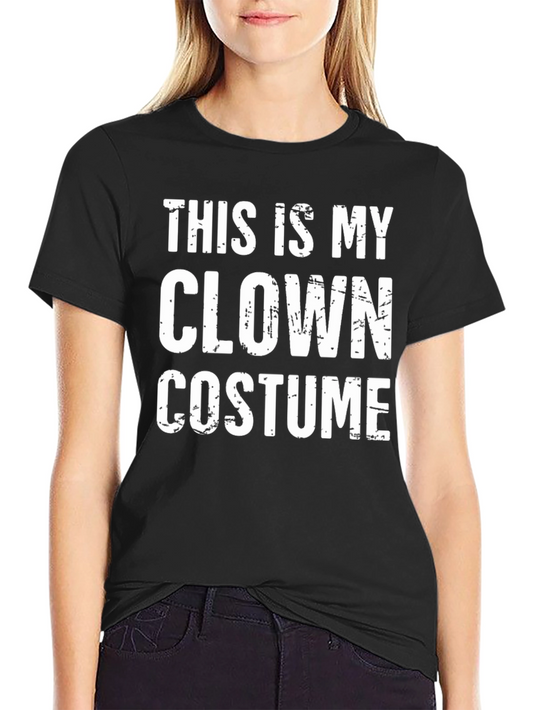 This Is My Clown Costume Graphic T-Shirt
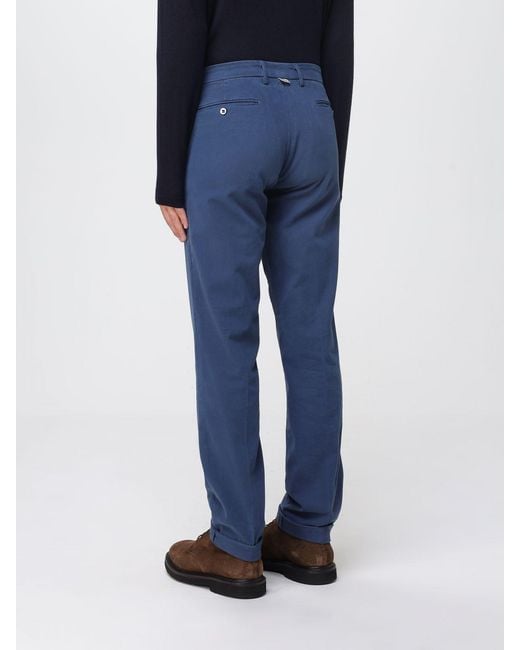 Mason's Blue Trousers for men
--
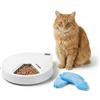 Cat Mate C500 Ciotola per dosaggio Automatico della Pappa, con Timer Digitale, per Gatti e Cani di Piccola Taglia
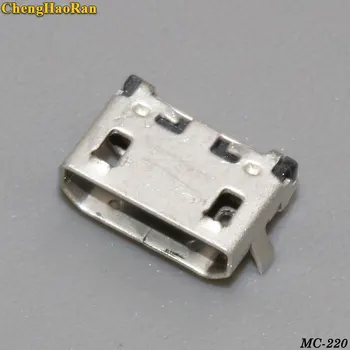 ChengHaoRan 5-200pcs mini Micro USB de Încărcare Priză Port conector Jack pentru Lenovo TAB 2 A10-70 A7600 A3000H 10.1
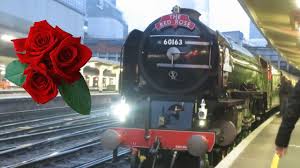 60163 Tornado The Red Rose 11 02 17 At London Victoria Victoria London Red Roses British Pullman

> _What is being asked_
Using the data above, give again exactly the lines starting at the one holding "This Is My Clown Costume Graphic T-Shirt" and ending at the one holding "Mason's Blue Trousers for men", inclusive, and nothing more. Omit the pictures.

> _Your solution_
 This Is My Clown Costume Graphic T-Shirt
 Mason's Blue Trousers for men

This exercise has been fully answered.